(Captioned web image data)
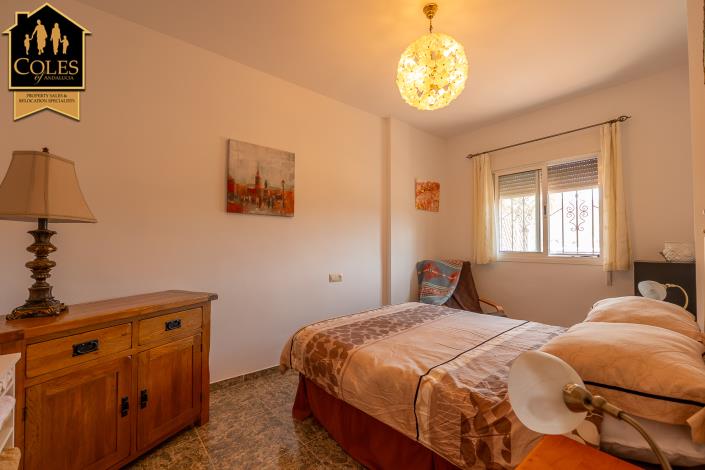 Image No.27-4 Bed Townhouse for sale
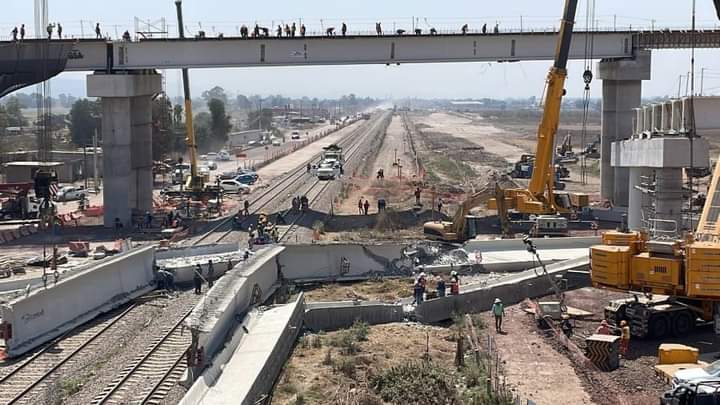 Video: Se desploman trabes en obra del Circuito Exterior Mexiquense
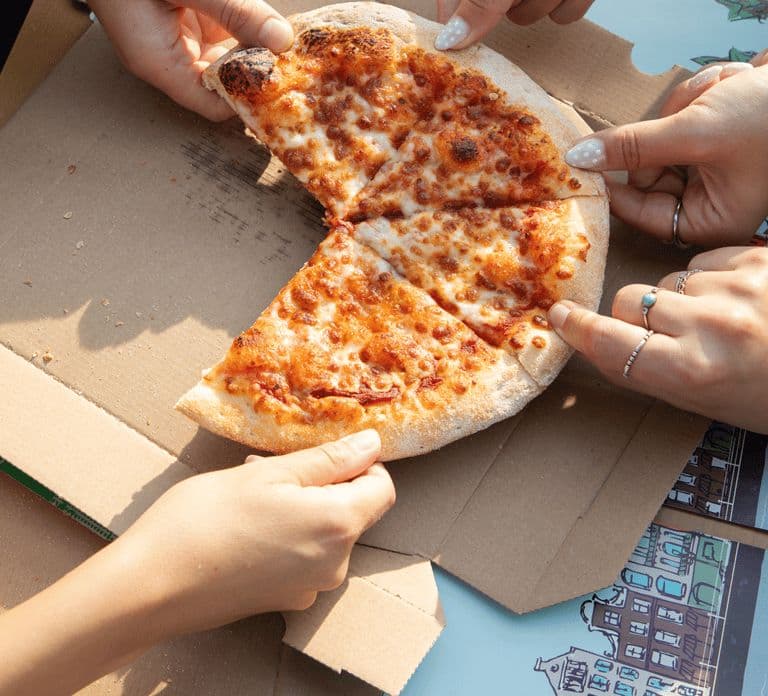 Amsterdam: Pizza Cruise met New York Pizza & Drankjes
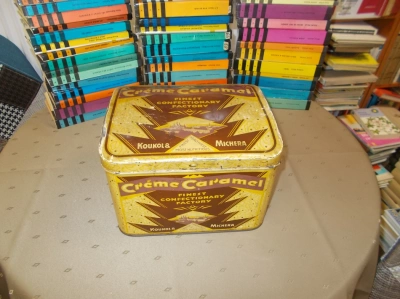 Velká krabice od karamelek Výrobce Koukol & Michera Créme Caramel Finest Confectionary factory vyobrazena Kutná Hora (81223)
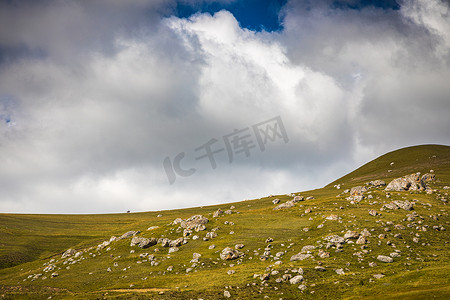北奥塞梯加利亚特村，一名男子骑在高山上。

EXERCISE OBJECTIVE:
A faithful copy of each entry is required, and no picture may be carried into it.

ANSWER SPACE:
 Image No.27-4 Bed Townhouse for sale
 Video: Se desploman trabes en obra del Circuito Exterior Mexiquense
 Amsterdam: Pizza Cruise met New York Pizza & Drankjes
 Velká krabice od karamelek Výrobce Koukol & Michera Créme Caramel Finest Confectionary factory vyobrazena Kutná Hora (81223)
北奥塞梯加利亚特村，一名男子骑在高山上。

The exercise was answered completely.